Lamb House does not make an appearance in the series. While the house with the crooked chimney, next to Mallards, is mentioned frequently as Georgie’s cottage (the two are not the same in the books, nor in Rye), it only appears in a sketch, accurately rendered, over Lucia’s mantelpiece.
The tour ended at Lamb House. Since this house was also Henry James’ final home, there is a great deal of information about him to be found here, but plenty for the edification of the Benson fan as well. The ground-floor rooms are open to the public–the dining room, an oak-paneled parlor, and the “telephone” room. The “telephone” room is larger than imagined; the name itself suggests a phone-cabinet sized closet, and when Lucia places Mapp’s out-of-tune piano there when she rents the house in Mapp and Lucia, the piano is said to fill the room, “…but it was still possible to telephone if you went in sideways.” When we stood in the room, which is at least 10 foot square, Susan and I found it hard to believe that Lucia would have had trouble squeezing around any piano smaller than a concert grand.
When we finished exploring the rooms, we went out through the french windows in dining room into the high-walled garden, which is also larger than imagined.
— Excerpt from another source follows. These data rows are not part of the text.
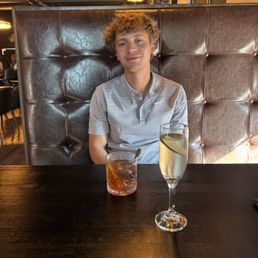A young man with curly, light brown hair and fair skin is seated at a dark wooden table in a restaurant. He wears a light gray, striped polo shirt and has a neutral expression. In front of him are two drinks: a short glass with a dark-colored beverage and a straw, and a tall champagne flute with a clear liquid and a lemon slice. The background features a padded leather booth, warm lighting fixtures, and a modern interior design.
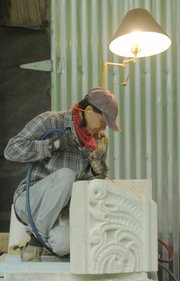 Laura Ramberg works on a 900-pound block of cottonwood limestone in her rural Lawrence shop. The sculpted stone is one of three pieces that Ramberg is completing for the Douglas County Courthouse. Ramberg and Oskaloosa stone carver Keith Middlemas are both sculpting new pieces to replace deteriorated stone sections.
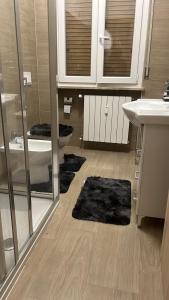 a bathroom with a sink and a toilet and mirrors at -La Casa Di Elio- -Centrale Tra Milano e Como- in Mariano Comense +16 photos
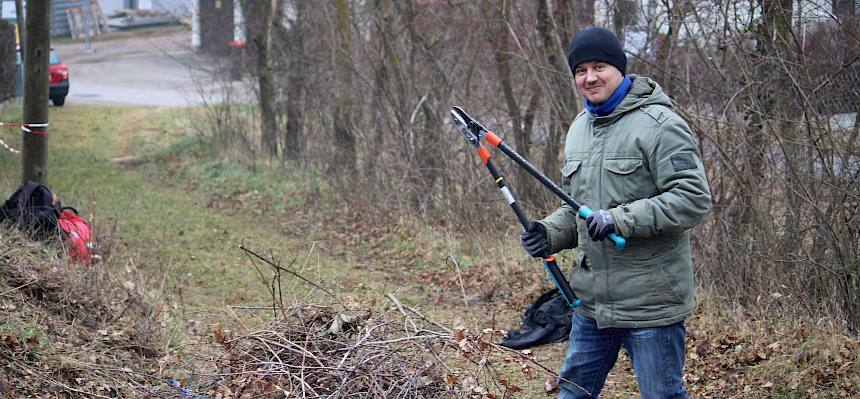 Mann mit Astschere und Schnittgut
In Benson’s day, there was a garden room, separate from the house and set at a right angle to it; the front window was said to command a view of the lane to the church square and West St. down its length.
“There was a little that concerned the social movements of Tilling that could not be proved, or at least reasonably conjectured, from Miss Mapp’s eyrie”
—Miss Mapp, Chapter 1
The garden room was destroyed during an air raid in World War II, but the space where it used to be is outlined by bricks in the grass; old photos and paintings of it are in the house, and there is a small model in the dining room.

Early the next morning, before we left Rye, I walked out to the house that Mr. Downend claimed was the basis for Grebe, Playden Cottage. This is not the white house Susan and I had observed. Grebe is described as being half a mile outside of Rye; across the road is a river contained by a high bank, and the marshes lie beyond. So much might apply to either house, but Grebe is also described as sitting close against a cliff, part of the coastline before the marshes were reclaimed from the sea. The land does indeed rise sharply behind Playden Cottage, while our choice was out on the flat marshlands on the other side of town. However, Playden Cottage is also well up on a hillside.
In Mapp and Lucia, the bank of the river collapses and Grebe is flooded. Mapp, intent on stealing Lucia’s recipe for lobster a la Riseholme, is trapped in the kitchen and both ladies are swept out to sea on an upturned kitchen table, to be eventually rescued by an Italian fishing trawler. While there is a high-banked river across the road from Playden Cottage, only very deep water could have flooded the house and carried the ladies away.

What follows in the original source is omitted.